**Aim of the task**
Set the pictures aside and write down, exactly as they appear, the lines from the one containing "For Mercedes Benz" through the end of the material.

**Source data**
══════

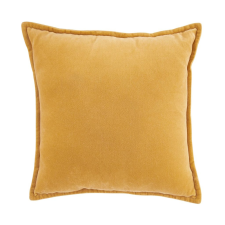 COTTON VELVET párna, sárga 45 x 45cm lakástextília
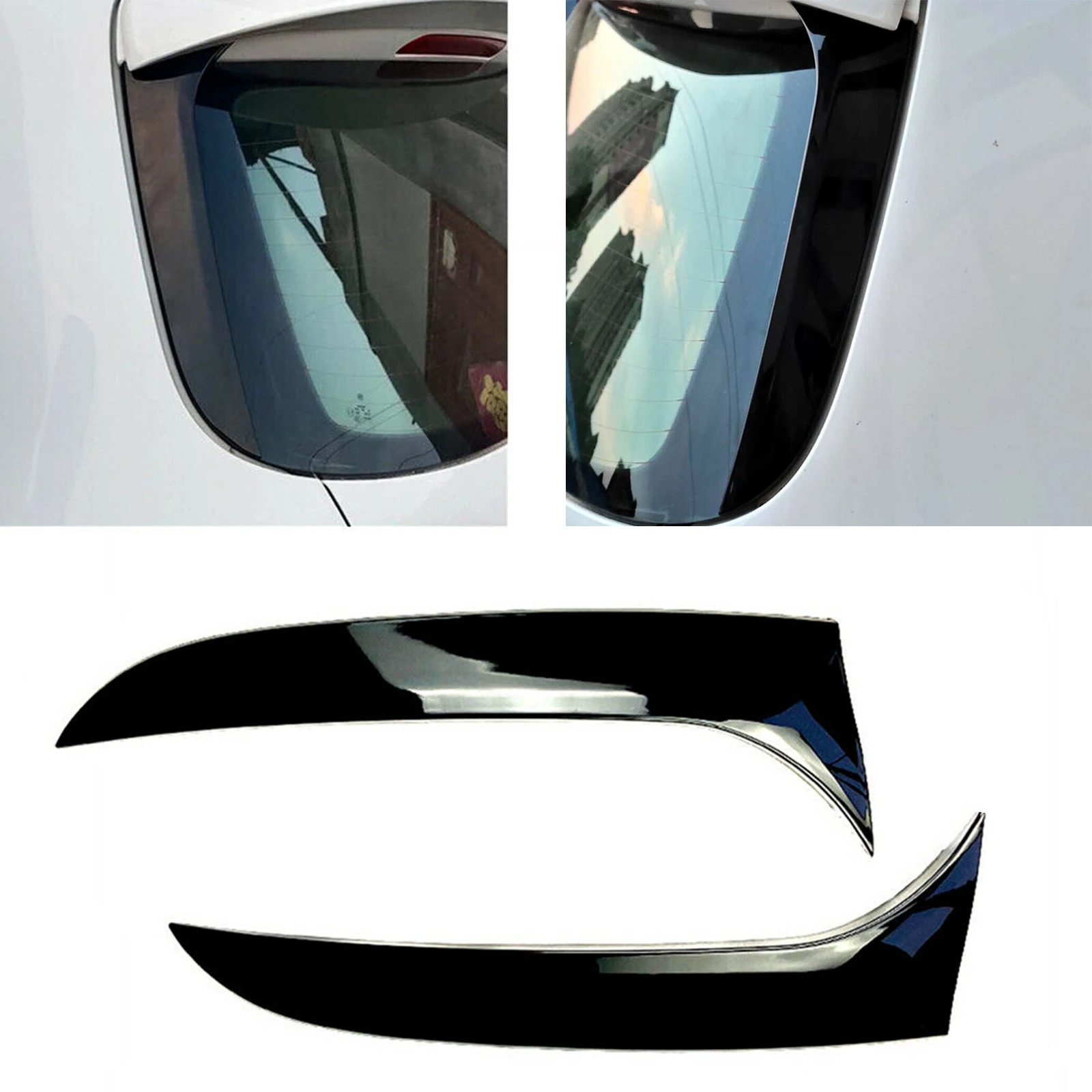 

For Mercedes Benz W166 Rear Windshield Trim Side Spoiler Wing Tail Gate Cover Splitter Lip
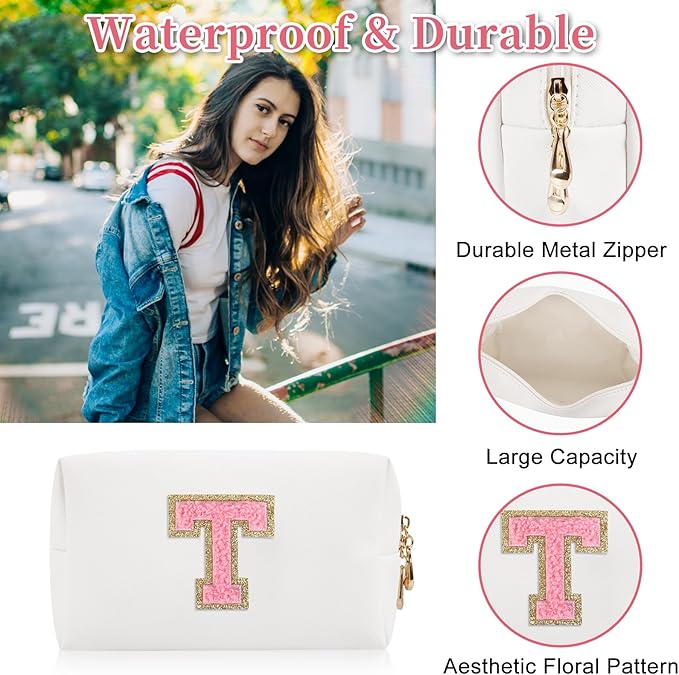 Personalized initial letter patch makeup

══════

**Your response**
For Mercedes Benz W166 Rear Windshield Trim Side Spoiler Wing Tail Gate Cover Splitter Lip
 Personalized initial letter patch makeup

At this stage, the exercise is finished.